Context engineering for analytics agents: six months of building and rebuilding

wpnews.pro

Analytics agents need context. Great. How should you structure it?

Over the past six months, we have built and rebuilt the context behind our analytics agents several times. We started with a structured entity graph, machine-friendly definitions, and a layer that checked each query plan against the model and refused anything it could not ground, before generating SQL.

We liked it. Then we removed most of it.

We only kept the part that mattered: when the agent cannot ground an answer, it refuses instead of guessing. The problem was not a lack of context. It was deciding where each fact belonged, how the agent would find it, and how that fact could change without leaving stale copies behind.

The rule that matters the most here is more for maintenance than pure context quality: one fact, one authoritative authored home. The same fact can appear in generated views or be referenced elsewhere. But there should only be one place where it is edited. This is what keeps maintenance manageable.

(root) Company data                              global context
├── customers                                   domain
│   ├── CUSTOMERS                               table
│   │   ├── CUSTOMER_ID                         column
│   │   └── COUNTRY                             column
│   ├── CUSTOMER_ACTIVITY                       table
│   ├── active_customers                        metric
│   └── defining-active-customers               additional context document
└── revenue                                     domain
    ├── INVOICES                                table
    ├── PAYMENTS                                table
    ├── net_revenue                             metric
    └── measuring-revenue                       additional context document

This is the navigation tree, not the complete storage format. Every element has an address, its path from the root, and any document can link to any other element by that address. So the tree is really a directed graph: a document under customer activity can point straight at a revenue metric, not only at its own parent.

The agent follows those links the way you would follow references in a wiki. Tables and metrics are assigned to domain paths, columns sit inside tables, and joins are structured links with column pairs, conditions, and cardinality. Each domain can also carry markdown for the business context that does not fit into those fields.

A synonym for COUNTRY

goes on the column. The grain of CUSTOMERS

goes on the table. The formula for active_customers

goes on the metric. A rule spanning invoices and payments goes in measuring-revenue

. Only rules that apply everywhere sit at the root.

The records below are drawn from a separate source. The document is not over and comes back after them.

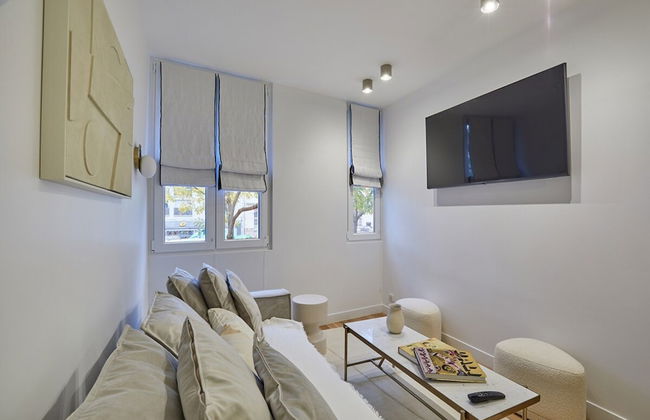 Superb Apartment in the Heart of Paris - Photo 11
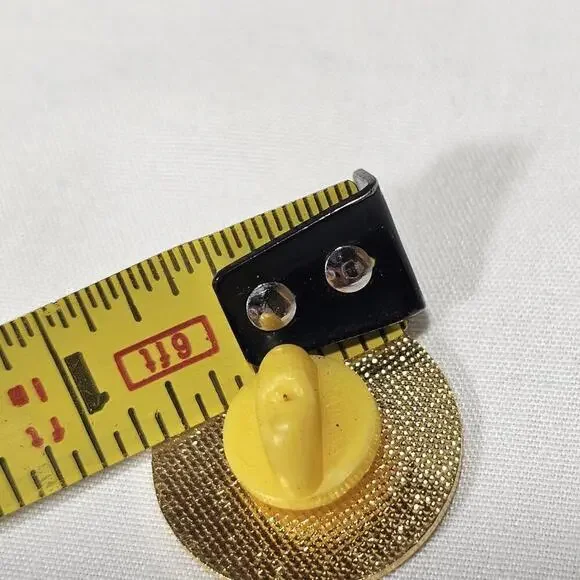 Vintage Vietnam Era US Military Lapel Pin "Agent Orange Sprayed And Betrayed" - Picture 3 of 3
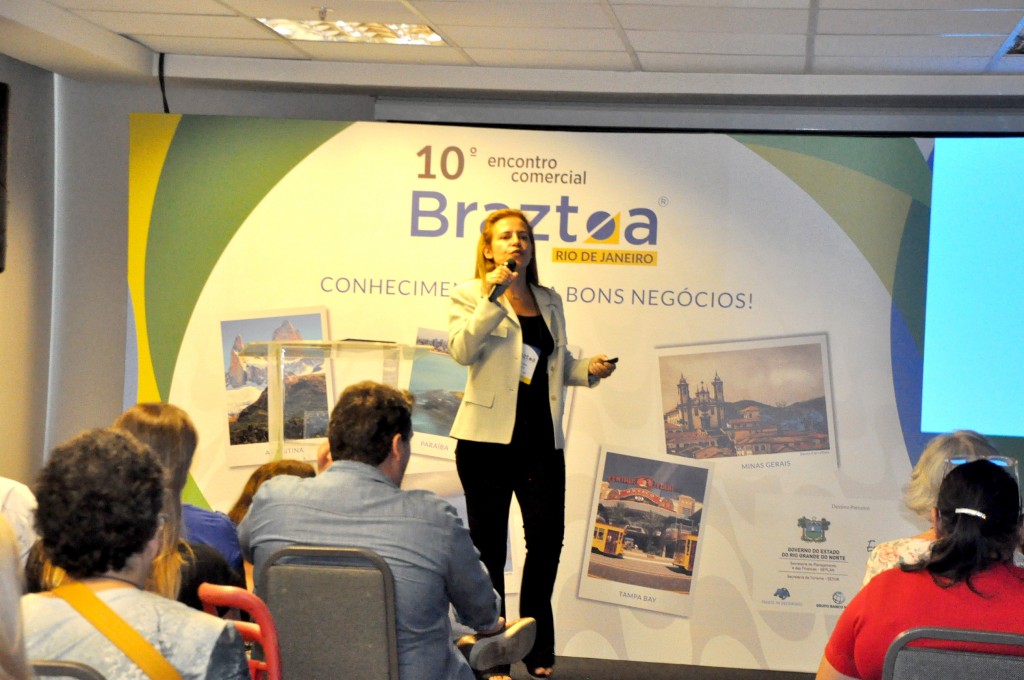 Paula Farina, da Inprotur, apresenta a capacitação da Argentina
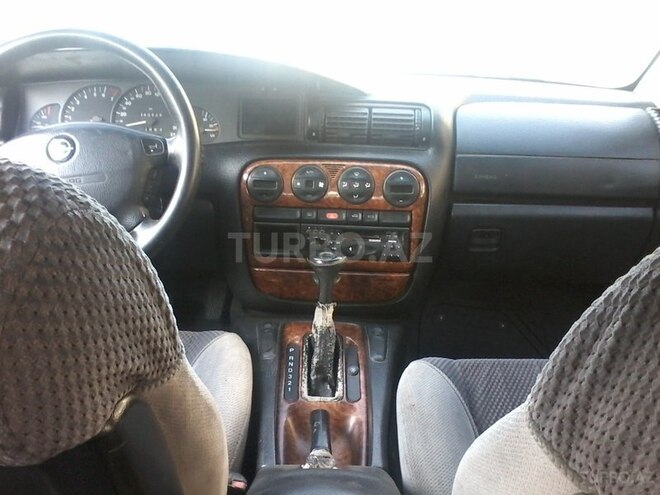 Opel Omega 1997, 250,364 km - 2.0 l - Bakı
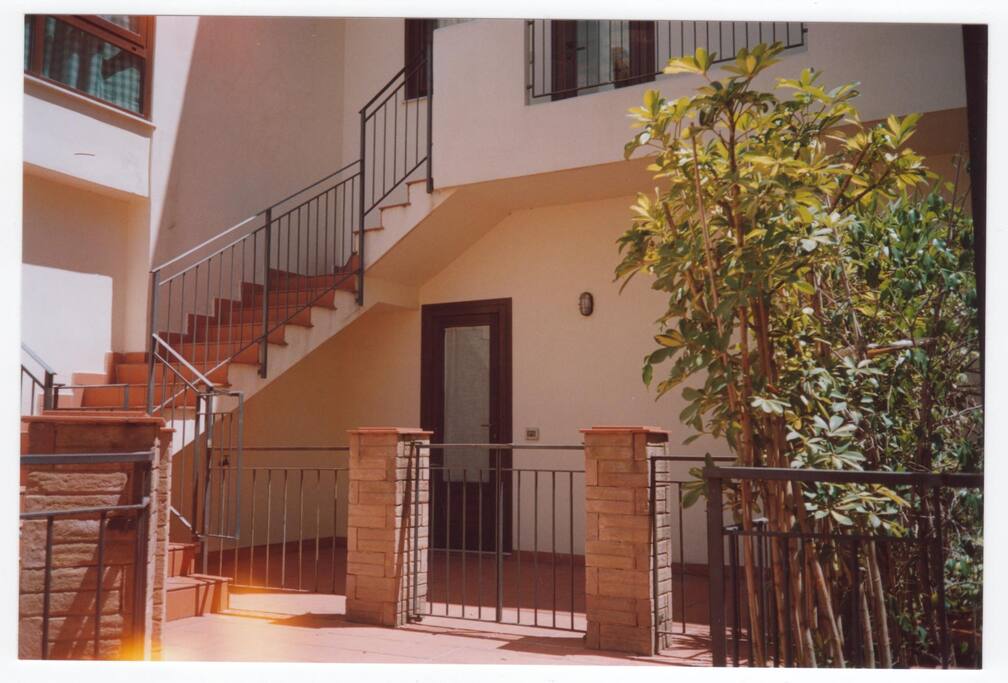 Patio con ingresso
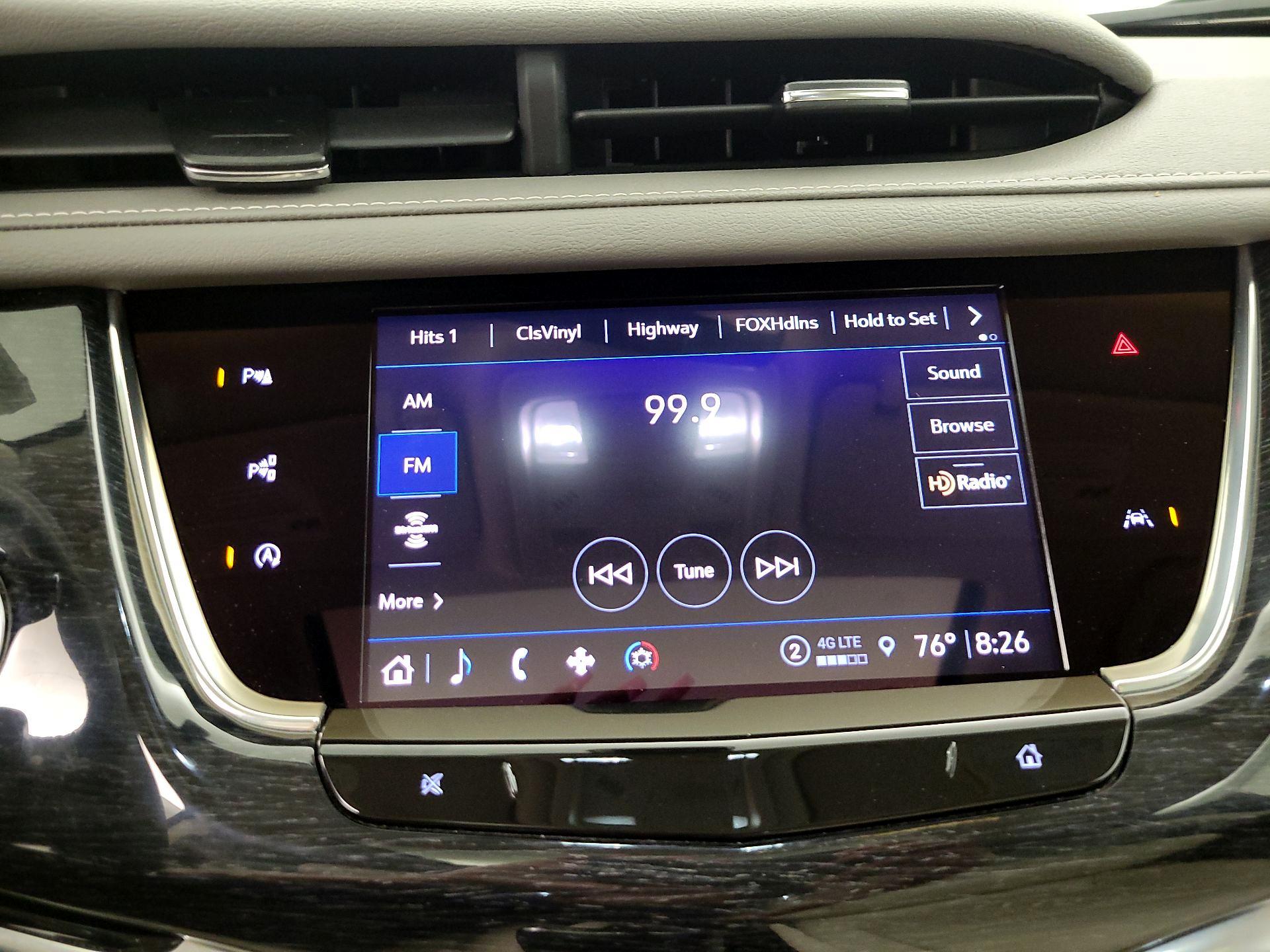 Thumbnail: 2022 Cadillac XT6 - 15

For everything else, we move up this ladder until we find the lowest level that fully owns the fact:

column synonym
└── column description or note
    └── table description
        └── domain context
            └── root context

Markdown carries the connective tissue: how several tables work together, which path answers a question, or how to disambiguate two definitions. It should not repeat schema or joins the agent already receives in structured form.

We first used flat domains that mostly mirrored warehouse tables. It looked clean until a rule spanned three tables. Nested domains, including tableless ones, gave those rules an address. The join between customer activity and revenue stays in structured metadata; the domain context explains when crossing it is correct for the business question.

Let the agent navigate the same structure #

At query time, the agent starts with a small map of the root domains and a single tool to explore the context. It requests a path and receives that node’s context, children, table summaries, and metrics, then asks for detailed schemas and joins only when needed. This is model-directed routing over a deterministic graph, not a search or grep tool that hands back a pile of more or less relevant matches for the agent to sort through.

That makes placement matter. A table in the wrong domain is difficult to discover; an unassigned one is effectively invisible. Put everything at the root, and every question receives almost everything, which is how you get context rot: the more loosely relevant material sits in the window, the worse the model reasons over what actually matters.

In one internal test, constraining the agent to explore the relevant branches instead of giving it a full search tool reduced context-token usage by 45%.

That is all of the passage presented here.